En «El cuentista», aquel divertidísimo relato de Saki, una señora intenta mantener a raya a sus tres pequeños sobrinos, para lo cual les cuenta una historia «poco animada y con una deplorable carencia de interés sobre una niña que era buena, que se hacía amiga de todos a causa de su bondad y que, al final, fue salvada de un toro enloquecido por numerosos rescatadores que admiraban su carácter moral.» «¿No la habrían salvado si no hubiera sido buena?», pregunta la mayor de las niñas. «Bueno, sí —admite la tía, poco convencida de su argumento—. Pero no creo que la hubieran socorrido muy deprisa si ella no les hubiera gustado mucho.» «Es la historia más tonta que he oído nunca», concluye la sobrina.
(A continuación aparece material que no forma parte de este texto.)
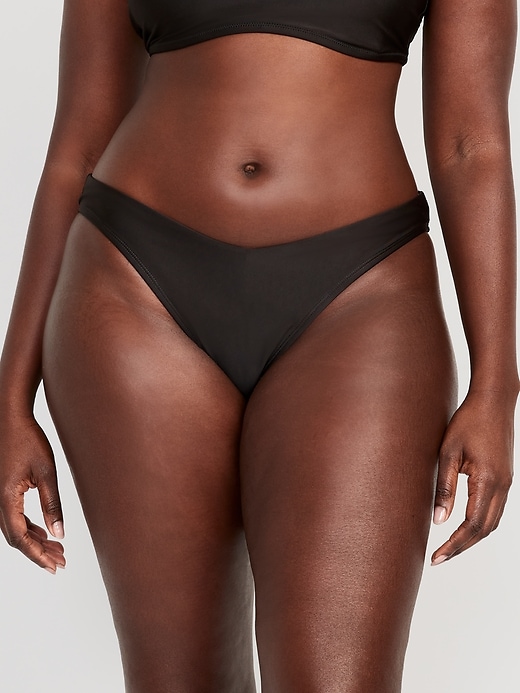 Image number 5 showing, Low-Rise V-Front French-Cut Bikini Swim Bottoms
En «El cuentista», Saki logra retratar con malicia el interés infantil por la ambigüedad moral y su renuencia a estar recibiendo lecciones todo el tiempo. Algo que Barajas parece no tomar en cuenta, incluso cuando ilustró uno de los relatos que mejor lleva a la práctica ese entendimiento de la niñez: La peor señora del mundo.

Al subestimar a su público La princesa Selenita subestima finalmente al género. De cierto es que aquí hay princesas y reyes y brujas y hadas, pero todo eso le sirve apenas a Barajas para disfrazar a algunas figuras públicas. A la tercera aparición los cuernos de Maléfica dejan de ridiculizar al personaje real y empiezan poco a poco a poner en ridículo al autor, que se muestra carente de registros humorísticos. Mientras otros escritores de literatura infantil han sabido jugar con la borrosa línea que separa el bien del mal (Hinojosa, Isol, Pullman, Lindgren, Snicket, Almond, la lista sería larguísima), «el Fisgón» parece regocijarse con un mundo donde los malos son perversos por decreto y los héroes llegan a ese estatus por oponerse a la maldad, siempre y cuando demuestren una templanza digna de San Simeón el Estilita. Lo peor, en todo caso, es que, al querer ser una alegoría de la vida mexicana en tiempos de Elena Poniatowska, La princesa Selenita necesita que la realidad de afuera cumpla una condición similar: gente buena que sufre versus gente horrible encargada de que la gente buena sufra. Y que el mundo sea solo eso.

Helen, la esposa del reverendo Alegría en Los Simpson, se hizo famosa por la frase «¿Alguien, por favor, quiere pensar en los niños?» Despojada de su moralismo original, la expresión resume en buena medida lo que sucede con La princesa Selenita y otras hagiografías que abrevan del relato infantil: les importan poco sus lectores.